WHAT THE TASK REQUIRES
Give back exactly the first lines of the entries below, through the line with "NWOT The Upside".

RECORDS PROVIDED
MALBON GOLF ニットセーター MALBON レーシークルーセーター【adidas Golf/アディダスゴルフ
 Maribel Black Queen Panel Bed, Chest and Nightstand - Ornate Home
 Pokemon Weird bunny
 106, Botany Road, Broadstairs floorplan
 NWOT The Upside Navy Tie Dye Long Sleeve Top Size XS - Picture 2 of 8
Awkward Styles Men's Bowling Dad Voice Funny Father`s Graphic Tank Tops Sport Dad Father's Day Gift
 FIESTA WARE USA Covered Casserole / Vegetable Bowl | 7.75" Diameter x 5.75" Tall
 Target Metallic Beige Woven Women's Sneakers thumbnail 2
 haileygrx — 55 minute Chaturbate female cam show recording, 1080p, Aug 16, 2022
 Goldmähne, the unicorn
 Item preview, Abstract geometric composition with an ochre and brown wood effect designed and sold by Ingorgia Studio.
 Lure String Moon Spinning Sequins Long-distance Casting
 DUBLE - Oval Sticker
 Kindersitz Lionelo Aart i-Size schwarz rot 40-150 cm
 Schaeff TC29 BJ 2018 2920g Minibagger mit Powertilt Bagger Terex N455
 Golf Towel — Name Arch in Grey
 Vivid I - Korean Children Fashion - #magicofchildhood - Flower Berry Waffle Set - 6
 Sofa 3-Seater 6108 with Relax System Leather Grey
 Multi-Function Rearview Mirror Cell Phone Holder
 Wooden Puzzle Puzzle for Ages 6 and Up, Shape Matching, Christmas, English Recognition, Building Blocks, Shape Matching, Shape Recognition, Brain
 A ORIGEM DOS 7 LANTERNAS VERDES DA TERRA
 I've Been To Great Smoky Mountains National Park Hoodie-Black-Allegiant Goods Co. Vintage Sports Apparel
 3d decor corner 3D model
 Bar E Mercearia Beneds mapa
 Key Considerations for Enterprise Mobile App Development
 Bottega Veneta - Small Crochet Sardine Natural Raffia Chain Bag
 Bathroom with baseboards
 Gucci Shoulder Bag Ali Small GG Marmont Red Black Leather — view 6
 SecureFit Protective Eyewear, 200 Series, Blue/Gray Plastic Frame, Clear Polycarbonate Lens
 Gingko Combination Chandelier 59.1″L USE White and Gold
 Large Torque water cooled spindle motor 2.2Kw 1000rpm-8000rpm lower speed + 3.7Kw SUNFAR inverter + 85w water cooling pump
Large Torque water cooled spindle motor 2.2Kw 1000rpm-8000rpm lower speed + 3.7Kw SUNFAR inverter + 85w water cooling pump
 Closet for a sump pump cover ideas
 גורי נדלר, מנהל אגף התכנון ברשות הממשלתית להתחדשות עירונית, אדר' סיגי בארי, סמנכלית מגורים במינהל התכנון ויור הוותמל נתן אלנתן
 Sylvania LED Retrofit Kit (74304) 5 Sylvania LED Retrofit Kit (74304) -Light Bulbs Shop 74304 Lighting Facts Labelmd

REPLY TO THE EXERCISE
MALBON GOLF ニットセーター MALBON レーシークルーセーター【adidas Golf/アディダスゴルフ
 Maribel Black Queen Panel Bed, Chest and Nightstand - Ornate Home
 Pokemon Weird bunny
 106, Botany Road, Broadstairs floorplan
 NWOT The Upside Navy Tie Dye Long Sleeve Top Size XS - Picture 2 of 8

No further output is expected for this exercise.